Introduction: Prostate cancer (PC) is a major public health problem among men population, and the third-leading cause of death. A large number of factors have been associated with the patient survival including cancer stage at the time of diagnosis. Due to the false positive results in panelPSA., therefore, identification of specific biomarkers for early PC diagnosis is demanded
Methods: . This survey aims to identify the specific biomarkers in PC for designing a diagnosis panel by in silico analysis.
Rna-seq data of 15 different cancers was extracted from Cancer Genome Atlas. Differentially expressed genes (DEGs) were identified among these cancer types. Then, the genes were recognized only in prostate sample across normal one. The DEGs were also identified among PC and 14 cancers. Subsequently, the up-regulated genes were merged.
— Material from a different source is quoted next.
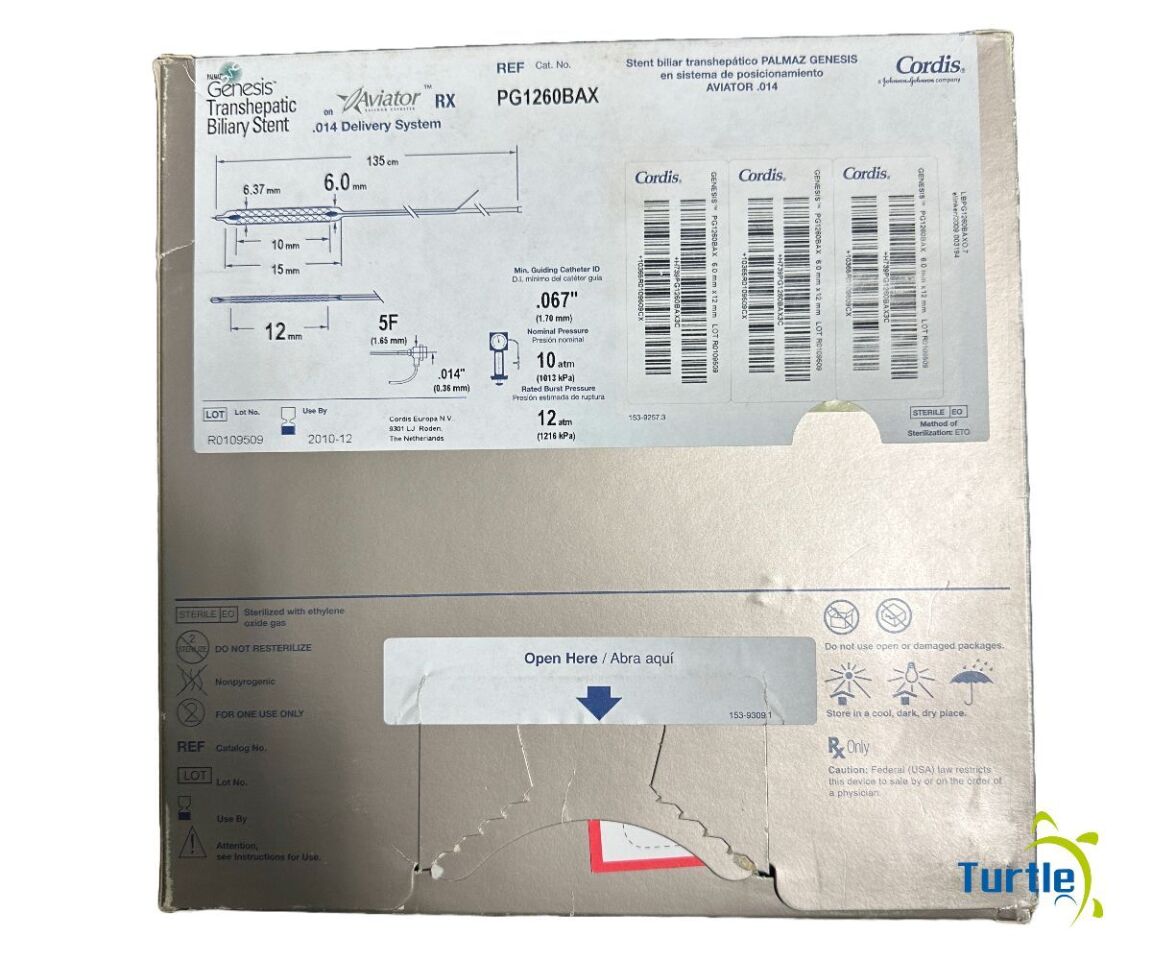 Cordis PALMAZ Genesis Transhepatic Biliary Stent 6.0mm x 12mm REF PG1260BAX Expired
Results: We found 246 genes were up-regulated in PC than 14 cancer types. Subsequently, these genes were analysed in prostate cancer samples across normal one. Twenty-four genes were identified specifically in PC. Following the data selection by means of >100 copy number, six highly transcribed genes were identified as specific biomarkers in PC.It is interesting that most of these genes were long non-coding RNA that include AP006748.1,AF35931401,ARLNC1,
GPC5-AS1,PCA3,SCHLAP1
Conclusion: We already found that PCA3 is a common in the existed panel. These six genes in PC can be introduced as new diagnosis biomarkers that may be applied as a potential specific panel
Keywords: In silico, Prostate Cancer,Biomarker, Diagnosis Panel.